W 2004 r. Martin Roman, kiedy został prezesem największego koncernu energetycznego w naszej części Europy, był już menedżerem znanym w Czechach. Wcześniej był m.in. dyrektorem generalnym w Skoda Holding. Roman przeprowadził twardą restrukturyzację ze zwolnieniami grupowymi włącznie i dzięki wsparciu rządu znalazł dla spółki zagranicznego inwestora. Wcześniej, jeszcze jako dwudziestoparolatek, pracował w zarządach kilku firm. Odkryli go Niemcy z firmy Wolf Bergstrasse jeszcze podczas studiów. W niemieckim przedsiębiorstwie produkującym suche przekąski został szefem sprzedaży na cały kraj.

Pensja prezesa

Dziś Martin Roman to jeden z najbogatszych Czechów. Jego majątek szacowany jest na kilkaset milionów złotych. Nie można powiedzieć, że pieniądze spadły mu z nieba, jednak jego kariera różni się od biografii większości współczesnych bogaczy z naszej części Europy, którzy do dużych pieniędzy dochodzili, zakładając i rozwijając własne biznesy. Roman pieniędzy dorobił się dzięki pracy w koncernie CEZ, którego szefem jest nieprzerwanie od siedmiu lat. Według czeskich mediów zarabia nawet kilkanaście milionów złotych rocznie, a największą część majątku odłożył dzięki programowi motywacyjnemu dla menedżerów CEZ-u – akcje koncernu mógł kupić po niskiej cenie, a następnie sprzedać z nawet 10-krotnym zyskiem. Bo CEZ to ogromny koncern energetyczny, notowany m.in. na warszawskiej giełdzie.

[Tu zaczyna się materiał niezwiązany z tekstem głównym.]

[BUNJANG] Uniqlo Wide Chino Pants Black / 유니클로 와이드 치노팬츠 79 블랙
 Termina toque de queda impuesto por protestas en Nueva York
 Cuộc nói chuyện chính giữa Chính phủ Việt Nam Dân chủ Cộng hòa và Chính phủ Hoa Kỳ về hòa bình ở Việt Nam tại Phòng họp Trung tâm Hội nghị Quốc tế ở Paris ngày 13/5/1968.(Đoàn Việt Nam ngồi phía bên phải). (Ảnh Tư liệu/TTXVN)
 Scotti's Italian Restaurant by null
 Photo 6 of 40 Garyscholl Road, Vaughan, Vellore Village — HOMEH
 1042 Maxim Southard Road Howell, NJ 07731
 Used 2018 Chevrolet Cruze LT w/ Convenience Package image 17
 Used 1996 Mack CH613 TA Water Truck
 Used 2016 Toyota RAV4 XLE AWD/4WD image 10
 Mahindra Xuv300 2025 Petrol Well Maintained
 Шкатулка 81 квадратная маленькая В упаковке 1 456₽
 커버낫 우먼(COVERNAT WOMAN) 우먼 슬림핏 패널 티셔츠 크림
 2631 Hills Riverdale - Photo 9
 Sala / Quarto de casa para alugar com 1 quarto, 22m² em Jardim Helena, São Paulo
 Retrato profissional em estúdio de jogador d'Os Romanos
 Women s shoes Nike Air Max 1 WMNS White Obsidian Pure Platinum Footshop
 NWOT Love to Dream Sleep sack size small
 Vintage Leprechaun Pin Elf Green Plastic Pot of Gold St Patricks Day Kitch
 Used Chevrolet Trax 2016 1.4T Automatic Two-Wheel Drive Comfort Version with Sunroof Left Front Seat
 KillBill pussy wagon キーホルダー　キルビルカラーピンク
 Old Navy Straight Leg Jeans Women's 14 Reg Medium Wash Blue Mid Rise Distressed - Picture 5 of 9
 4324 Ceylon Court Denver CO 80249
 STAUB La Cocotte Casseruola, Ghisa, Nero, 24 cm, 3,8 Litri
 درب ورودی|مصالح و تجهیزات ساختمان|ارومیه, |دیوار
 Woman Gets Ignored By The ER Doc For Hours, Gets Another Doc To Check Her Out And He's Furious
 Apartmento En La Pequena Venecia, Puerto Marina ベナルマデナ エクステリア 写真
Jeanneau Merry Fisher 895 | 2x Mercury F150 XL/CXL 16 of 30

Roczne przychody giganta to blisko 32 mld zł.
W swoim kraju Roman ma jednak nie najlepszą opinię. Czeska prasa pisze, że dostał i utrzymuje posadę szefa CEZ-u dzięki poparciu polityków – koncern wciąż w większości należy do czeskiego państwa – a on politykom potrafi się odwdzięczyć. Jeździ z premierami na wakacje, a prywatna szkoła syna prezydenta Czech – Vaclava Klausa dostała od Romana pokaźną dotację.
Reklama

Komandosi CEZ

Jednak największą rysą na wizerunku prezesa CEZ-u była afera z energetycznym komando. Kilka lat temu, już za rządów Martina Romana, koncern utworzył specjalne jednostki, których zadaniem była walka ze złodziejami prądu.
Nie byłoby może w tym nic złego, gdyby nie fakt, że krewkich członków jednostek, szkolonych niemal jak komandosi, poniosła nieco fantazja i zbyt mocno przejęli się rolą. Ubrani na czarno jak antyterroryści, wyposażeni w noże, psy tropiące, a czasem w broń palną urządzali naloty na rodziny podejrzane o kradzież prądu o każdej porze dnia i nocy. Oskarżanych o nielegalny pobór prądu przesłuchiwano po kilka, a nawet kilkanaście godzin, by wymóc na nich przyznanie się do kradzieży i podpisanie specjalnych zobowiązań, na mocy których mieli płacić gigantyczne kwoty za kradzież elektryczności.
Czeska prasa pisała, że w wyniku przesłuchań ofiary bojówek CEZ-u doznały zaburzeń psychicznych, a jedna z nich popełniła samobójstwo. Dopiero fala krytyki, jaka przetoczyła się przez media, spowodowała, że CEZ przerwał akcje komandosów.
Wizerunek Romana i koncernu energetycznego ma ocieplić działalność charytatywna. CEZ jest w Czechach sponsorem niemal wszystkiego, a sam Martin Roman zadeklarował ostatnio, że większość swojego majątku chce oddać potrzebującym.
– Zgodziliśmy się z żoną, że z biegiem lat przekażemy większość pieniędzy na cele dobroczynne, gdyż jesteśmy pewni, iż żadne z naszych dzieci nie będzie szczęśliwe, że odziedziczy wielki majątek – powiedział Martin Roman tygodnikowi „Ekonom”.